The most interesting story I've found so far is that the tone of coverage trends downwards for time while controlling for the Goldstein score of each kind of event:

In [1]:
import analysis.goldsteinscale_avgtone as ga
regr = ga.GARegression()
regr.go()

#Coefficients are for date (in fraction of year) and Goldstein coefficient
#Dependent variable is average tone of documents, i.e. coverage.
regr.print_output()


  self.prepare_data()
  mask |= (ar1 == a)




<matplotlib.figure.Figure at 0x7f9e41288438>

Coefficients on the regression: [[-0.22229802  0.13551692]]
MSRE: 7.835794230966895
r2: 0.569243224924088


Results from running on my local "mini" database (bigger than the sample data in this repo, which of course will generate different results):

```
Coefficients on the regression:

    fractiondate: -0.2022747908947874
    goldsteinscale: 0.13080667992903958
MSRE: 8.334688464736924
r2: 0.5204274326466958
```

#### Interpretation
Each year is associated with a -0.20 change in average tone, holding constant the theoretical propensity of the events to promote stability (i.e. holding constant the Goldstein score). Each 1.0 point increase in the Goldstein store is associated with a +0.13 change, holding constant the date.

In isolation, all we can tell from the MSRE is that a mean absolute value of the std error would be sqrt(8.3) ~= 2.9. In principle avgtone can run from -100 to 100, but in practice it seems to usually be between 0 and 10. So, missing estimates by 2.8 seems not-great; however, it's a more useful metric to compare to other analyses than in isolation. The r-squared looks pretty nice for just my first attempt at specifying a regression with two independent variables, but I should be cautious about this metric as I run more regressions and risk overfitting.

I have not yet run this on all the data (e.g., with Spark on AWS Elastic MapReduce), just a subset of six data files.

### Research questions
To get interesting answers, I need good questions. This is what makes this project more than just an extended SQL or PySpark tutorial. In this kind of research there's going to be some iteration in RQs, because things you think *a priori* might be interesting turn out not to be, and vice versa. So this is largely a running list of ideas, .

1. **Media tone and stability** - The Rosenstein score is a measure of how each kind of action promotes or erodes stability. The tone score is something about the tone of the media coverage of the event. See above.

1. **Actor affinity by dyad** - Do some actor dyads consistently produce higher scores (Rosenstein or media tone) than others? I'd think this would be a trivial "Yes" because relationships between allies should produce more positive news than those between adversaries. So this is exploring the obvious, but a good sanity check to make sure I'm understanding the nature of this data.
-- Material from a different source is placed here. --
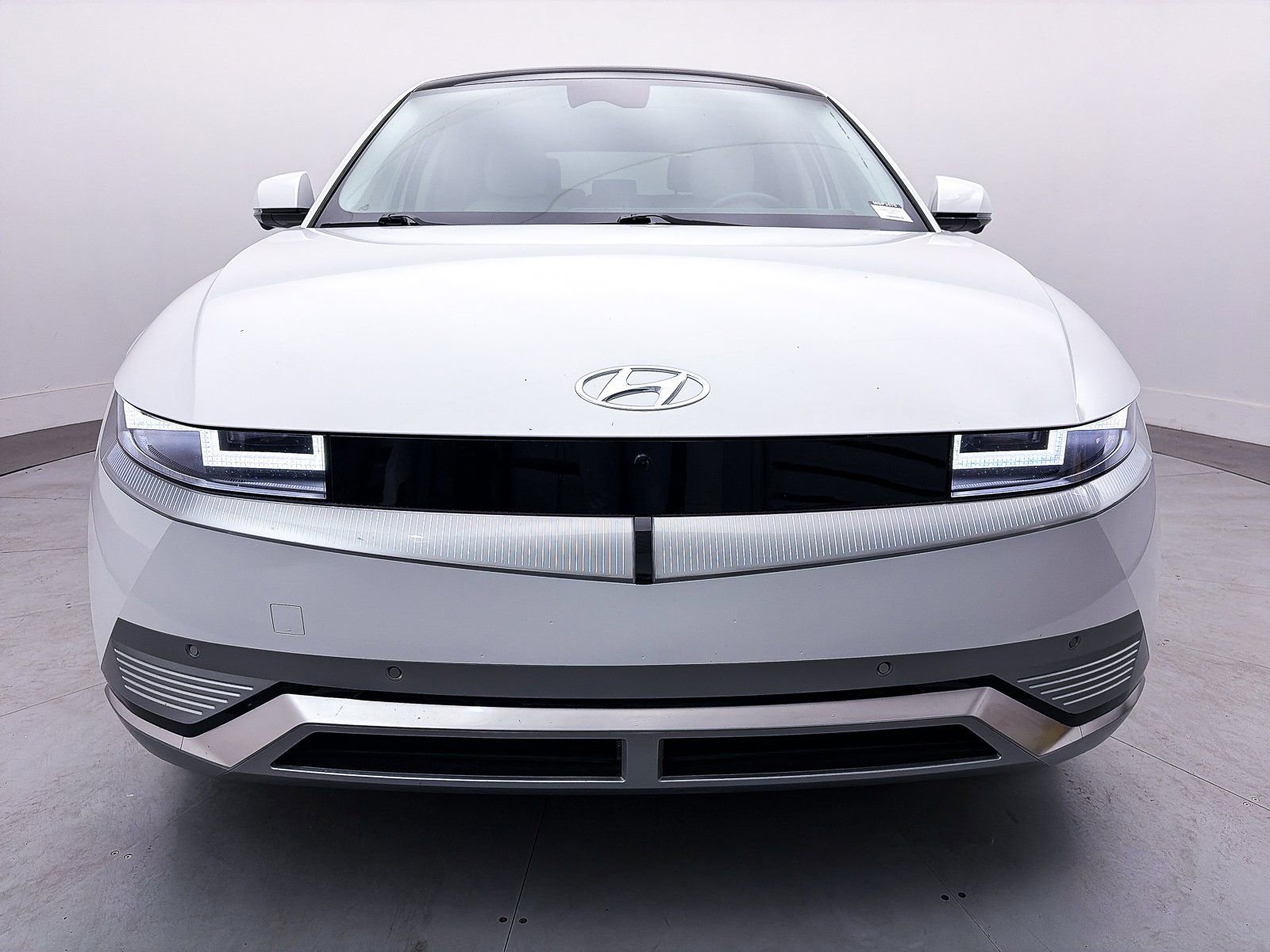 Used 2023 Hyundai Ioniq 5 Limited image 13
  1. **Asymmetrical relationships** - Just brainstorming. If X threatens Y more than Y threatens X that's also significant and interesting.
  
1. **Longitudinal time series questions** - This dataset is so rich that it could support a lot of this.

1. **Clustering countries or other actors** - If I want to polish up those *k*-means clustering skills, there's probably all kinds of variables I could derive ("number of threats made", "number of overtures to negotiation", "general tone of media coverage", etc.).
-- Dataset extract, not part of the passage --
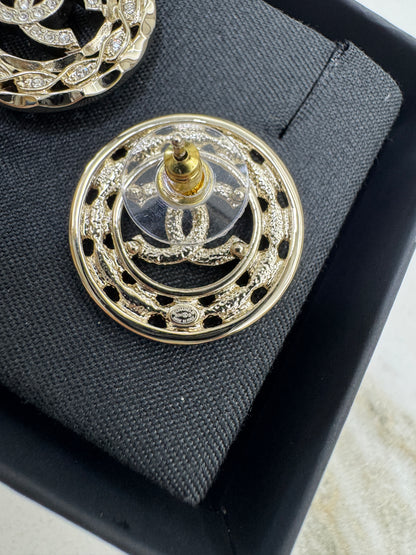 CHANEL 24B 圓形鏤空水鑽耳環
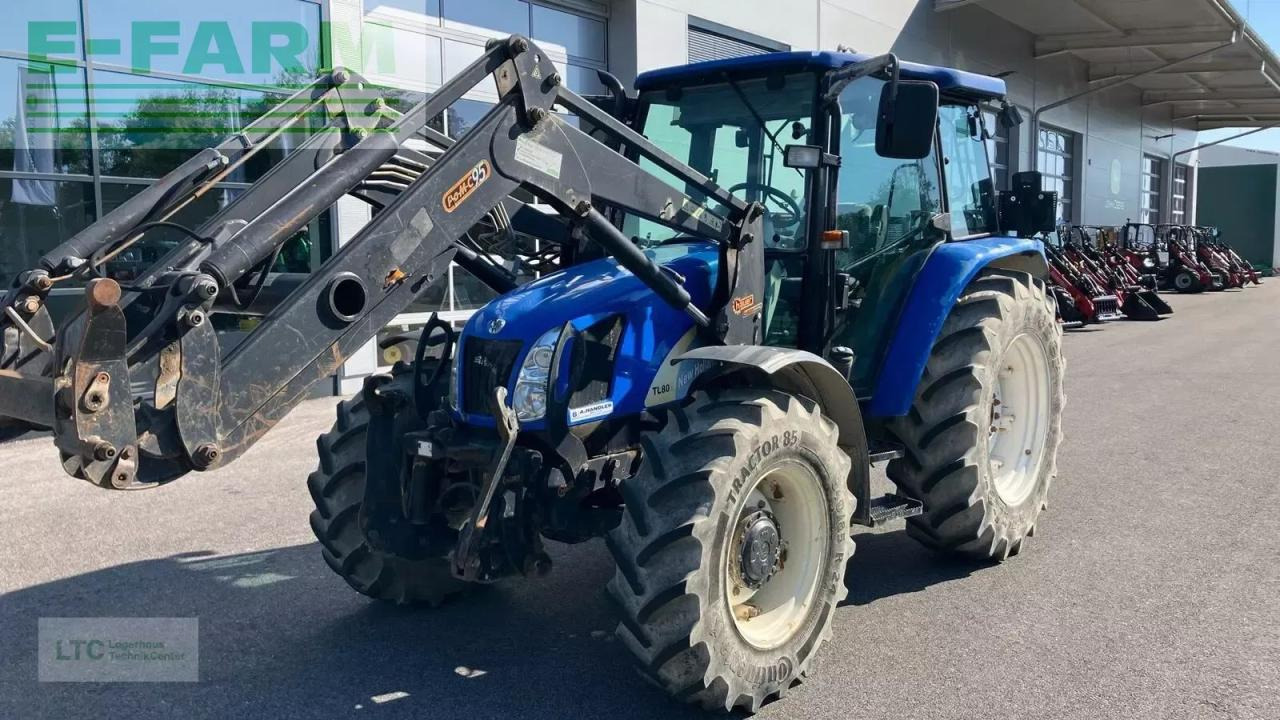 New Holland tl 80 - Tractor: foto 1 New Holland tl 80 - Tractor: foto 1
1. **Network graph analysis** - I don't actually know much about this topic, but clearly this data would support a lot of inferences about how actors build their networks. 
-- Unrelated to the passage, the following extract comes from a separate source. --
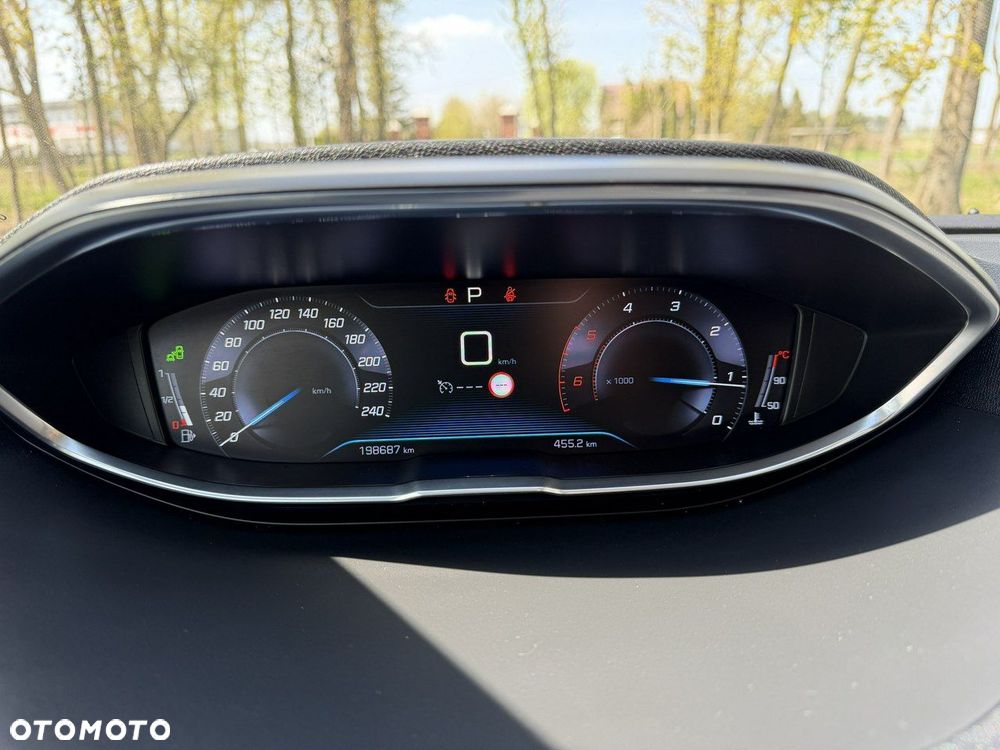 Peugeot 3008 - 41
## A note on data engineering and AWS Elastic MapReduce
It's a bit of a gray area whether learning how to move files around to AWS EMR, get Spark to run my Python scripts without hanging, etc. is properly part of data science or whether it's actually data engineering. I find it valuable to learn these skills even though they don't lead directly to findings above. See the README.md for the skills developed in this subset of the project.